Jez Higgins

Freelance software generalist
software created
extended or repaired


Older posts are available in the archive or through tags.

Feed

Follow me on Twitter
My code on GitHub

Contact
About

Friday 09 August 2019 The Forest Road Reader, No 2.22 : STinC++ - copy

Software Tools in Pascal starts off pretty gently. The first program Kernighan and Plauger present is copy, which copies its input to its output. The seemingly trivial nature of this task allows them in introduce how they write and present their code - without getting into detail they mention how they cope with different Pascal implementations on different platforms, the general structure of they adopt, and so on. In particular they introduce primitives - functions that interface to the outside world. The two primitives they introduce first are getc and putc which, respectively, read a character from and write a character to somewhere,

an interactive terminal or some secondary storage device like a disk.

These primitives, of which they build up a fair library over the course of the book, are how they make their Pascal portable across platforms. These days, we take that kind of thing for granted as part our language standard library.

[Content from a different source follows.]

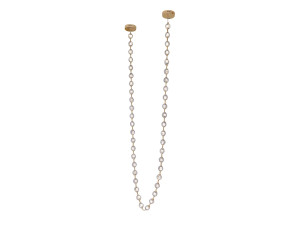 Металлический светодиодный подвесной светильник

After this preamble they present their program, or at least part of it

copy.pas
procedure copy;
var
    c : character;
begin
    while (getc(c) <> ENDFILE) do
        putc(c)
end;

They explain

First, and most obvious to people who have used Pascal before, is that this is not a complete program - it is just a procedure. So it needs some surrounding context before it can actually do anything for us. We intend to present all of our programs this way …​ so we can better focus on the essential ideas.

They do then present the whole program with the procedure in context, and talk it through. They conclude this initial section with a reason why this isn’t as trivial a program as it might appear.

When you encounter a new language, a new operating environment, or just a new way of doing business on a computer, the first hurdle to clear is learning how to run a program. You must master, perhaps: logging on to the computer, creating files with the editor, running the compiler and/or linker, modifying files with the editor, and invoking the program you’ve finally built! With all these potential problem areas, the last thing you need is a complex program to contribute troubles of its own.

The primitives getc and putc come, of course, more or less directly from C’s getc/getchar and putc/putchar. It would be tempting to cast this program directly into C++ by substituting begin and end for a pair of curly brackets and having done with it.

void copy() {
    int c;
    while ((c = getchar()) != EOF)
        putchar(c);
}

Tempting, but lazy.

Does this actually work? Well, by inspection it looks like it should, but because getchar and putchar are tied to our standard input and output (as we call our interactive terminal or some secondary storage device these days) we’d have to run the program to actually test it. Running a whole program to test it is tedious at best, even for a tiny program like this. Perhaps I can raise the level of abstraction a bit, and make it a little easier to test.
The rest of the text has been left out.